We moved from that hearing on population-based surveys to hear from the states and then the states we also wanted to hear about vital statistics and then we moved on to do specific racial and ethnic minority subpopulations. The report that will come to you is a report that will just talk about the collection of data on race and ethnicity and the measurement of disparities in population-based surveys. I just wanted to give you just a little bit of background as to what you can expect.

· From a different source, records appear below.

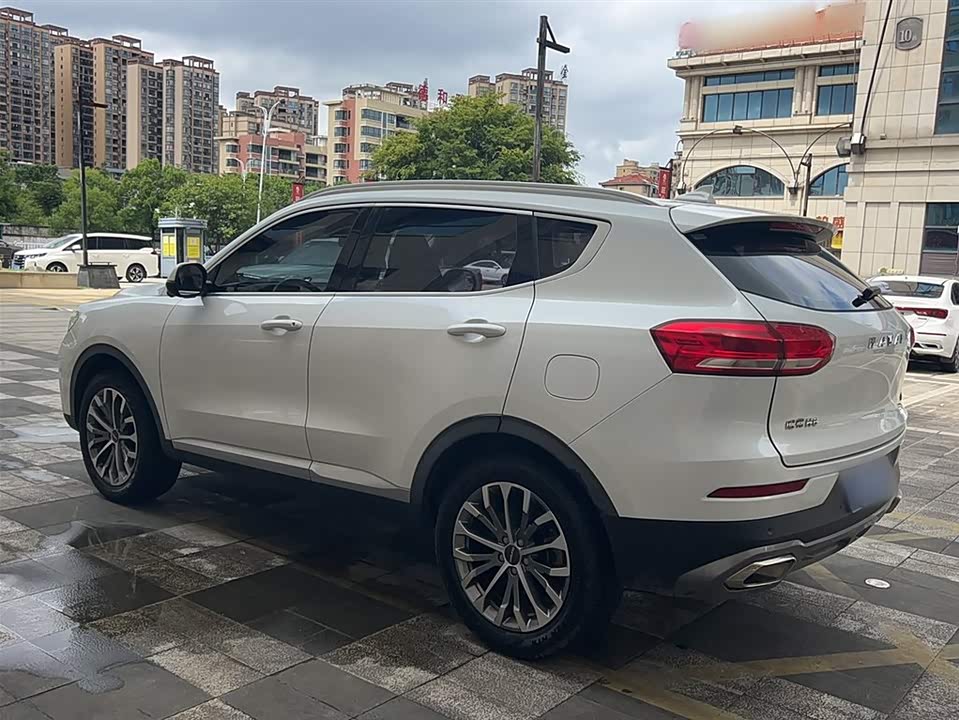 Haval H6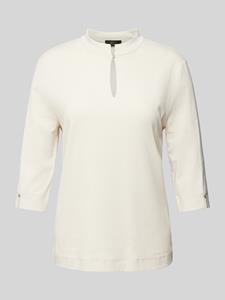 Marc Cain Longsleeve met 3/4-mouwen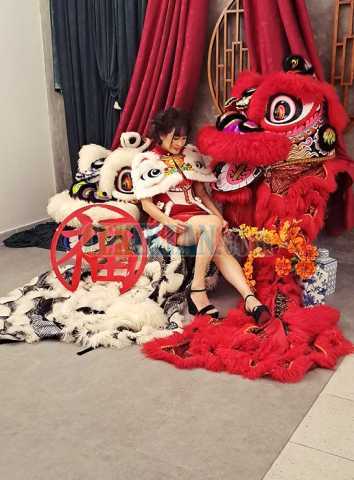 Grup Barongsai Top KP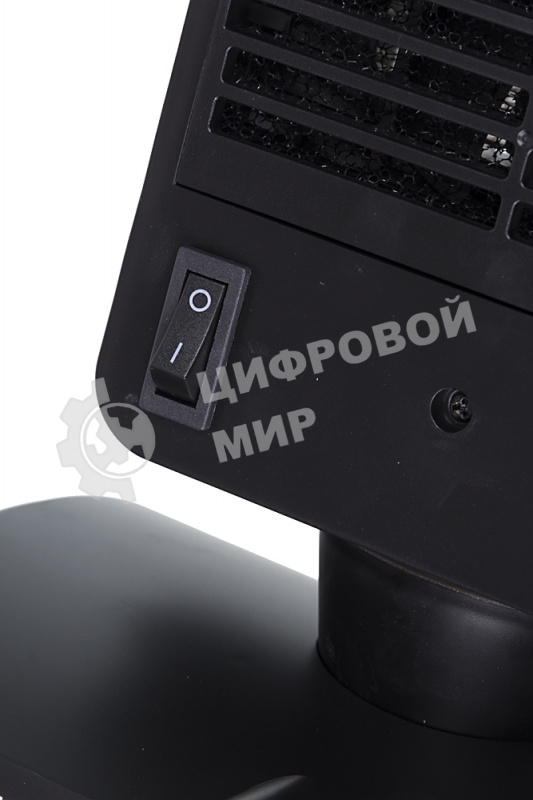 Тепловентилятор Ресанта ТВК-3, серый, 2000 Вт, 20 м2, термостат 67/2/5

We learned our lesson because we came here before with 66 recommendations. So, we now know better than 66. Actually what has happened is over the time is that some of those have been pulled out and sent in other letters. So, I think we have a -- at least my own and the committee's learning curve here, I think that we have a much better sense of, you know, trying to come in with recommendations that actually can make a difference as opposed to just a pie in the sky. We will have some pie in the sky, but, you know, we won't have 60 pies in the sky.

DR. LUMPKIN: Jim.

MR. SCANLON: Before we break up into the working sessions, you will notice that we have added a number of new staff to the various subcommittees and that is the result of a departmental solicitation of all of our agencies for staff to serve on the subcommittee staff.

So, please welcome the new staff when you get into the breakout sessions. These are all very capable folks. We have always had good staff for the full committee. Earlier today, we had a representative from the Census Bureau. She is acting as liaison today. We invited her to the full committee, but whatever suits the committee's purposes, whether we want someone on the -- we clearly want someone to be at the Populations deliberations as well. The census folks said let's see what the best person might be.

We are actually happy to have the new staff. Please welcome them in your breakout sessions.

DR. LUMPKIN: Okay. Standards and Security, I think, is here and Populations will be in 305 and followed by Quality.